4. Deep Connection
The discipleship model that I learned in church revolved around group activities. We met in groups for Sunday school or Bible study. And as important as these meetings were, my soul longed for a deeper connection.
As I studied Scripture, I saw passages prescribing another way. Second Timothy 2:2 says, “The things you have heard me say in the presence of many witnesses entrust to reliable people who will also be qualified to teach others.” Second Timothy 3:16-4:2 describes how to do that.
And while no one came out of the woodwork to invest time in me like that, I found that didn’t prohibit me from modeling a different way to those I cared about.
I began with my children. I took them on trips with me. We ministered locally. I met with them personally. I taught them how to spend time with God daily.
From there, I moved on to my children’s friends and the staff I cared about. Spending time together made all the difference.
5. Authentic Community
How is it that I could grow up in such a caring little country church and still feel a profound loneliness? Something inside me longed to be known at a deeper level. But how? Where could I go to find that?
I harbored insecurities that I couldn’t let others touch—places so tender that I didn’t dare talk about them. Bible studies were OK, but looking back on my high school years, I was depressed and had nowhere to go for a debrief.

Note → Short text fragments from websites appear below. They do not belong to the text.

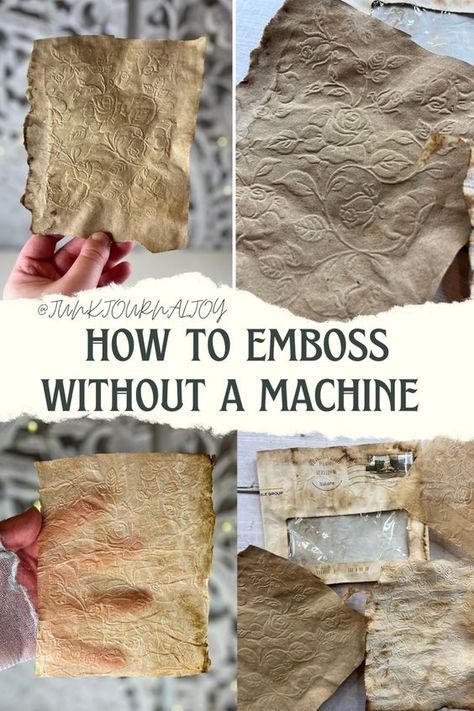 How To Emboss Paper By Hand, Diy Aged Paper, How To Emboss Paper Without A Machine, Embossing Paper Bags, Aging Paper Diy, Junk Mail Crafts, How To Emboss Paper, How To Make Paper Look Vintage, How To Emboss With Dies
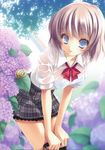  absurdres ayase_hazuki blue_eyes blurry bra copyright_request depth_of_field flower highres hydrangea leaning_forward plaid plaid_skirt rainbow scan school_uniform see-through short_hair skirt snail solo underwear wet wet_clothes 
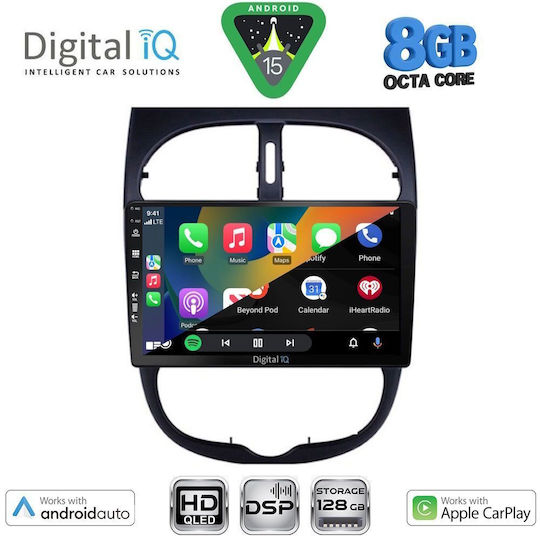 Digital IQ Car Audio System for Peugeot 206 1998-2006 Bluetooth USB WiFi GPS Apple CarPlay Android Auto with 9" Touch Screen
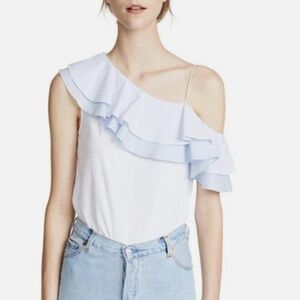 Club Monaco Asymmetrical White and Blue Ruffled Blouse - Women XS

In graduate school, I had my first experience with an authentic community. Four couples met regularly and did life together. It was a rich, liberating experience.
One of the great discoveries we’ve made in building the World Race is that you can go through all kinds of hardship if you’ve got a team going through it with you that believes in you. We implemented a system of honest feedback so that racers get the encouragement and challenge they need to move on to new places and new levels of growth.
The abundant life Jesus promises requires that we pour out. Hebrews 10:24-25 tells us to meet together regularly so that we have a place where others will pour into us. We can’t go where God wants to lead us without the authentic community of his body.
Years ago, God spoke to me about an epidemic of absentee dads. He showed me a group of young people, and I heard him say, “It’s a fatherless generation.” And in the years to follow, I began to understand the impact that has had on young hearts. I saw how they struggled with identity, how they looked for affirmation.
Andrew Shearman points to a different model in Scripture. You see geneologies—lists of fathers and sons. You see the results of poor parenting as the inheritance of one generation doesn’t get handed to the next.
Young people need to see the reality of their parents’ faith not in words, but in action. Baby Boomers tried to outsource the discipleship of their children to youth pastors, and it didn’t work. God designed the church to be multigenerational where the old impart to the young and the young bring life to the old.
Parents ministering with their children find themselves stretched and vulnerable. And children, seeing the vulnerability of their parents, realize that they don’t have to be perfect to embrace faith.
Many of us may feel we’re failing as parents—that’s when the influence of others our age in our children’s lives can make a difference.
I wish God loved my comfort zones as much as I do. But it seems that almost nothing happens in the kingdom without risk, without faith. We’re told, “Without faith, it’s impossible to please God” (Hebrews 11:6).
Why is that? I think it’s because God is looking for intimacy, and intimacy starts with trust. When we trust God, we do things that don’t make sense—we take risks.
When I’m growing most, I’m allowing God to speak to me and challenge me. The Holy Spirit frequently asks me to do things that I wouldn’t do on my own.
Growing in God requires change, and change requires new behaviors, behaviors that feel risky.